Le Royaume-Uni est à la fois saisi et inquiet. L'Europe l'est tout autant. En effet, c'est la première fois dans l'histoire récente du continent que certains de ses ressortissants acceptent de se suicider tout en prenant soin de laisser sur le lieu du carnage qu'ils ont provoqué un indice particulier. Lequel? Leurs cartes d'identité. Pour les experts en terrorisme islamiste, il ne fait aucun doute qu'en agissant ainsi, les auteurs de ces attentats et leurs commanditaires ont voulu communiquer le message suivant: d'autres nationaux sont prêts à nous imiter.
Ainsi se confirment les appréhensions détaillées dans un rapport confidentiel remis aux plus hautes autorités britanniques il y a un an. Dans ce document intitulé Relations with the Muslim Community, qui accorde une place prépondérante, en nombre de pages, aux jeunes musulmans, on précisait que le réseau al-Qaïda poursuivait une campagne active de recrutement de candidats au suicide. Les signataires de cette étude allaient jusqu'à affirmer qu'au moins 3000 détenteurs de la citoyenneté anglaise, pouvant donc circuler en toute tranquillité dans les 25 pays membres de l'Union européenne, étaient allés s'entraîner dans les camps de Ben Laden. On avançait même que le nombre de terroristes potentiels vivant à Londres, Leeds, Manchester ou Liverpool avoisinait les 16 000.
On soutenait également, voire surtout, que l'intervention militaire en Irak était le sergent recruteur par excellence de candidats au djihad. À ce propos, il faut rappeler et souligner que dans un mémo rédigé par le Joint Intelligence Committee, on prévenait le 10 Downing Street que le déclenchement de la guerre se traduirait inévitablement par une augmentation prononcée de la menace terroriste et non par sa réduction.
À la lumière des événements survenus la semaine dernière, on constate que les craintes formulées il y a trois ans par les partisans de la guerre au terrorisme mais adversaires de l'offensive en Irak sont devenues — hélas! — des réalités. Brent Scowcroft avait été le premier à tirer la sonnette d'alarme; James Baker y a donné suite avant que le duo Chirac-Villepin n'y fasse écho. La thèse de Scowcroft?

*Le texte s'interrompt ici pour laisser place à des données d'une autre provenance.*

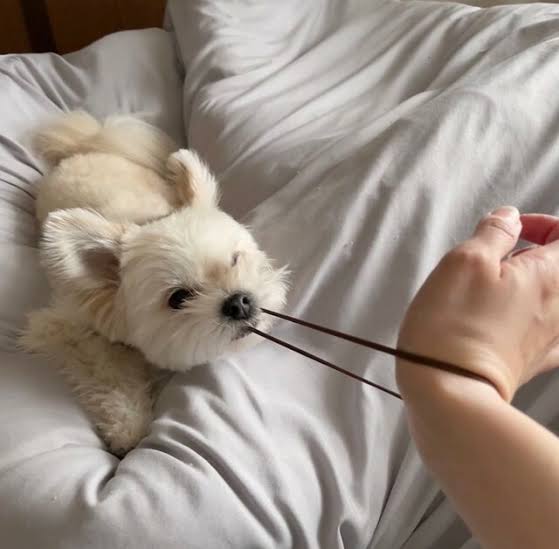 動物の画像だけで1000コメを目指すトピ Part2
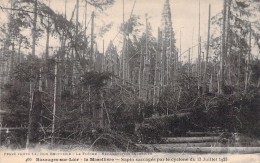 FRANCE - Bazouges Sur Loir - La Maselliere - Cyclone Du 13 Juillet 1923 - Carte Postale Ancienne - Other & Unclassified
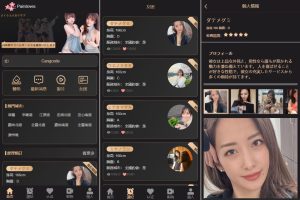 海外空降刷单系统$多语言刷单源码#日本空降抢单-汉城海外源码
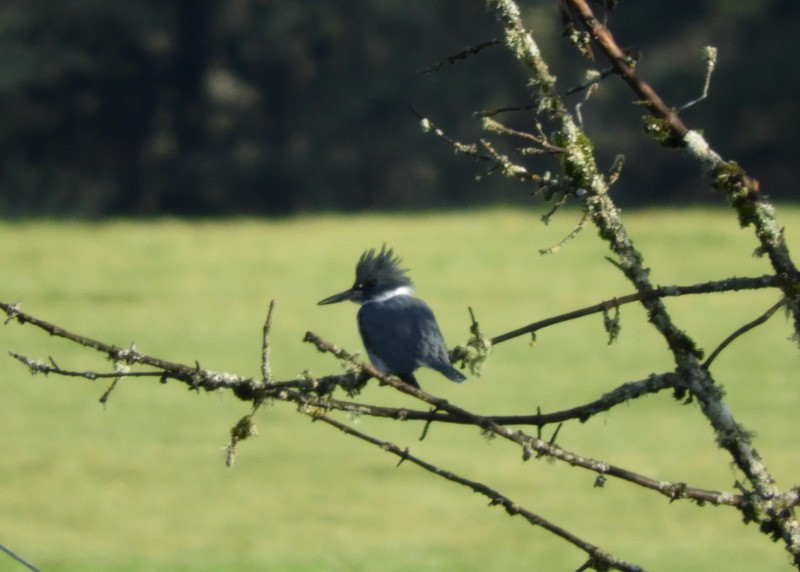 Belted Kingfisher - Jeff Harding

Le gouvernement américain doit concentrer forces et énergies dans le combat contre le terrorisme; toute guerre à l'Irak se solderait par une désastreuse confusion des objectifs en plus de convaincre des milliers de musulmans à rejoindre al-Qaïda et autres.

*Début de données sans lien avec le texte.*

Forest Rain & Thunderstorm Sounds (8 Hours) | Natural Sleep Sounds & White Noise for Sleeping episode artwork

Faut-il rappeler que Scowcroft n'était ni un illuminé ni un gauchiste mais bien ce général américain qui fut le patron du Conseil national de sécurité sous l'administration de Bush père? Faut-il rappeler que Baker est cet Américain qui fut le secrétaire d'État de la même administration? Les partisans de l'intervention en Irak, qui, au fond, se sont faits les militants du choc des civilisations, devraient méditer là-dessus. Peut-être qu'après coup, ils comprendront le principe de réalité et abandonneront dans le caniveau les thèses farfelues de Robert Kagan, William Kristol et consorts. Car...
Car les explosifs utilisés pour saigner des civils britanniques étaient... militaires! Après analyse, les policiers ont découvert que les bombes choisies avaient été préparées par des spécialistes ayant acquis leur savoir-faire dans l'armée. Plusieurs avancent même l'hypothèse que le matériel transporté dans les sacs à dos des kamikazes provenait de... l'Irak, ce pays où, comme chacun sait, fleurit la démocratie.

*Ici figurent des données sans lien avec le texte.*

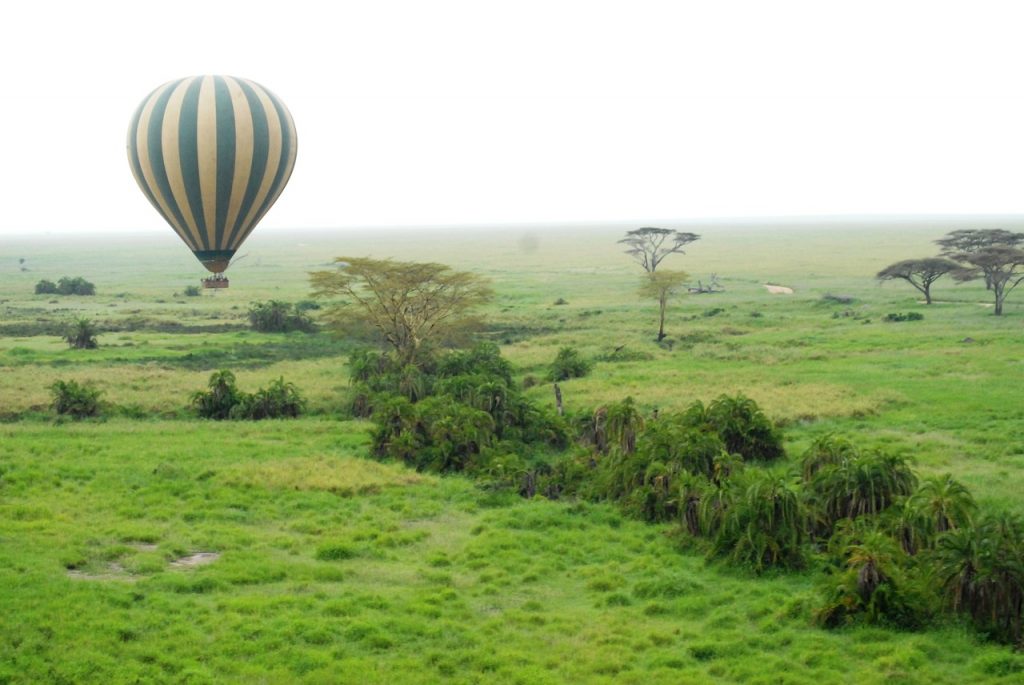 Visiting the Tanzania Travel Exhibition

Le bizarre, si on ose dire, se conjuguant au pluriel dans cette histoire, on mentionnera que dans un article du quotidien Le Monde publié une semaine avant le carnage, il était indiqué que les juges antiterroristes ainsi que les policiers avaient décidé de hausser la cote d'alerte parce qu'ils avaient la quasi-certitude qu'un attentat aurait lieu sur le territoire de l'Union. Pas seulement la France, mais bien l'Union. Pendant ce temps, le gouvernement britannique abaissait la cote en question au niveau le plus bas depuis le 11 septembre 2001. Le moins que l'on puisse dire, c'est que quelqu'un au royaume de sa majesté est un irresponsable.
Mais c'est vrai: on avait oublié que la démocratie était en train de fleurir partout. Du Proche au Moyen-Orient. Bref, que l'avenir s'annonce radieux. Lamentable!